» Your goal:
After finding the line with "Iowa Heliotrope One Gallon Plant" in the data below, set down exactly each line through the one with "Ako se vrapci krajem", inclusive, and stop there.

» Information provided:
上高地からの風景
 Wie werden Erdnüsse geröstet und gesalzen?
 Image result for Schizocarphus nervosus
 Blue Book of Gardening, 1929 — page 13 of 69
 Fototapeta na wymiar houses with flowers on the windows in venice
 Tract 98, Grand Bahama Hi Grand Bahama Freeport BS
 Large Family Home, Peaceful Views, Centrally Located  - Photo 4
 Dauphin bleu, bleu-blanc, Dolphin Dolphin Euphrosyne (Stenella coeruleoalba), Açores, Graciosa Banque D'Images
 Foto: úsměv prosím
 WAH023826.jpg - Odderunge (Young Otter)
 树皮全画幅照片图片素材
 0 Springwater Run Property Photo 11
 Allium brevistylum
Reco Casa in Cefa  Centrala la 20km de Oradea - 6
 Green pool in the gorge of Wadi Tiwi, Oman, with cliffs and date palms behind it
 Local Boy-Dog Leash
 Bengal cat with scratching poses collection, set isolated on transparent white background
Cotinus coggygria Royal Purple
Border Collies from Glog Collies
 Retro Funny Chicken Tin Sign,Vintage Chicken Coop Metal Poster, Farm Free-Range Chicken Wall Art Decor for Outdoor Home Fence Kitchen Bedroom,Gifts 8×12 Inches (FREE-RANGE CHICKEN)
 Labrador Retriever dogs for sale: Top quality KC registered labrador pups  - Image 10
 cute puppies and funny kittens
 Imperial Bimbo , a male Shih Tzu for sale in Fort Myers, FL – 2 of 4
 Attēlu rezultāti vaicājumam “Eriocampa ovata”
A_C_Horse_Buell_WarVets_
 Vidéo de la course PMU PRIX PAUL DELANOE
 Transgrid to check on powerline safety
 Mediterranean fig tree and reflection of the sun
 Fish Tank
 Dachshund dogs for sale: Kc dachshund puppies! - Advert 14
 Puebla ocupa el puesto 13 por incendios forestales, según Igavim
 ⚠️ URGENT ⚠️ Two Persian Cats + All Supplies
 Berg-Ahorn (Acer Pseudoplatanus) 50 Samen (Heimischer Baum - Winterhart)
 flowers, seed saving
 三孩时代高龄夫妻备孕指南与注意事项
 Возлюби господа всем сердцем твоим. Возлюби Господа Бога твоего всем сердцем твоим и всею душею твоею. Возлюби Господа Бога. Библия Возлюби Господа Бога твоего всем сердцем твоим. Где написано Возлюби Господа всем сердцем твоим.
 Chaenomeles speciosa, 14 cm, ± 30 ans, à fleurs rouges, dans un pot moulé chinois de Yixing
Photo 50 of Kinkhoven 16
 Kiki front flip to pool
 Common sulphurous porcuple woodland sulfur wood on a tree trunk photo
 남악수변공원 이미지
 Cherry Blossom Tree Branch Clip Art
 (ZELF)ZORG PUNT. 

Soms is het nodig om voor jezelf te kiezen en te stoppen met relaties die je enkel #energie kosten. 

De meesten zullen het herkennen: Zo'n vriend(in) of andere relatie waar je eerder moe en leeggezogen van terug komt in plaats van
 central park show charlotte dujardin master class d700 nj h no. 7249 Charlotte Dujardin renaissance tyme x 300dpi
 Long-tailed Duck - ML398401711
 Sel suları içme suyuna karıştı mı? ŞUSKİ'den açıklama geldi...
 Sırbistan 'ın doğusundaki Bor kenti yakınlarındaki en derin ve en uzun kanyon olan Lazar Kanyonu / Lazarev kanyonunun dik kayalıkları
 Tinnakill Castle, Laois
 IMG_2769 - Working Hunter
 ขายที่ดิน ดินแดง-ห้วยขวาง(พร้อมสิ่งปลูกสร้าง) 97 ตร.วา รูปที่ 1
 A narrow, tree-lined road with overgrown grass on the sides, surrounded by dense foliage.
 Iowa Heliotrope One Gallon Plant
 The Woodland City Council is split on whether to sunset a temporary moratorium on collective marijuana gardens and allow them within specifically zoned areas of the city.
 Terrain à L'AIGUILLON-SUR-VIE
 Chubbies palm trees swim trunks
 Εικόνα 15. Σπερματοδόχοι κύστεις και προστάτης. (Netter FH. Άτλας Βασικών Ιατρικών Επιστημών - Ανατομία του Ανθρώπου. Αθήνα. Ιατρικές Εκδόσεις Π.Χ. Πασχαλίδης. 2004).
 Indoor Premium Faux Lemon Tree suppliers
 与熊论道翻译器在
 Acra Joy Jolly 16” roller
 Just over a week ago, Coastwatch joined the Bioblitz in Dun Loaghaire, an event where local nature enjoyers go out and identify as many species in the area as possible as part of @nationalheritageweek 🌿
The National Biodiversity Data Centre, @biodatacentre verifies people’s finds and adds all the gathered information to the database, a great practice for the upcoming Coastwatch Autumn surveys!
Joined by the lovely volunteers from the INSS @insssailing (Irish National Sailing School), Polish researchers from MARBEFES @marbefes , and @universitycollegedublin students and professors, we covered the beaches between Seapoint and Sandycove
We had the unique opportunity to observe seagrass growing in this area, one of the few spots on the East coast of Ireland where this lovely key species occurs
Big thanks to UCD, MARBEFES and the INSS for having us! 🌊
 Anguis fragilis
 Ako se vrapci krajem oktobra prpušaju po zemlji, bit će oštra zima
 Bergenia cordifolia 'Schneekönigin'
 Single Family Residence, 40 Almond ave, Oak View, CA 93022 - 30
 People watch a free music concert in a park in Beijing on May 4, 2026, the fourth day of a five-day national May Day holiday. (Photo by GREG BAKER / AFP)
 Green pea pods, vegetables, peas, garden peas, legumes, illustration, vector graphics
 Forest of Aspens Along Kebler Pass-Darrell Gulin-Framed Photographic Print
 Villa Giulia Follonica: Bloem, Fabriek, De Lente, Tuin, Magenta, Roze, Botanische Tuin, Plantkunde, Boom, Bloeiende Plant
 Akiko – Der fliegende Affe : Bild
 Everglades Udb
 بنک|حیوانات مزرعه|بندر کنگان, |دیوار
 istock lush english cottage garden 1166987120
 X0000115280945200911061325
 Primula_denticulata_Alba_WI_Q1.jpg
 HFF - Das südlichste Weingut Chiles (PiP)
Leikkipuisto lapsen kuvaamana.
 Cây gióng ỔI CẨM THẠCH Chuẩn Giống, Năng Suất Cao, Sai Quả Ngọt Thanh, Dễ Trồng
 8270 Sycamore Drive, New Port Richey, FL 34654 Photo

» Result of this exercise:
 Iowa Heliotrope One Gallon Plant
 The Woodland City Council is split on whether to sunset a temporary moratorium on collective marijuana gardens and allow them within specifically zoned areas of the city.
 Terrain à L'AIGUILLON-SUR-VIE
 Chubbies palm trees swim trunks
 Εικόνα 15. Σπερματοδόχοι κύστεις και προστάτης. (Netter FH. Άτλας Βασικών Ιατρικών Επιστημών - Ανατομία του Ανθρώπου. Αθήνα. Ιατρικές Εκδόσεις Π.Χ. Πασχαλίδης. 2004).
 Indoor Premium Faux Lemon Tree suppliers
 与熊论道翻译器在
 Acra Joy Jolly 16” roller
 Just over a week ago, Coastwatch joined the Bioblitz in Dun Loaghaire, an event where local nature enjoyers go out and identify as many species in the area as possible as part of @nationalheritageweek 🌿
The National Biodiversity Data Centre, @biodatacentre verifies people’s finds and adds all the gathered information to the database, a great practice for the upcoming Coastwatch Autumn surveys!
Joined by the lovely volunteers from the INSS @insssailing (Irish National Sailing School), Polish researchers from MARBEFES @marbefes , and @universitycollegedublin students and professors, we covered the beaches between Seapoint and Sandycove
We had the unique opportunity to observe seagrass growing in this area, one of the few spots on the East coast of Ireland where this lovely key species occurs
Big thanks to UCD, MARBEFES and the INSS for having us! 🌊
 Anguis fragilis
 Ako se vrapci krajem oktobra prpušaju po zemlji, bit će oštra zima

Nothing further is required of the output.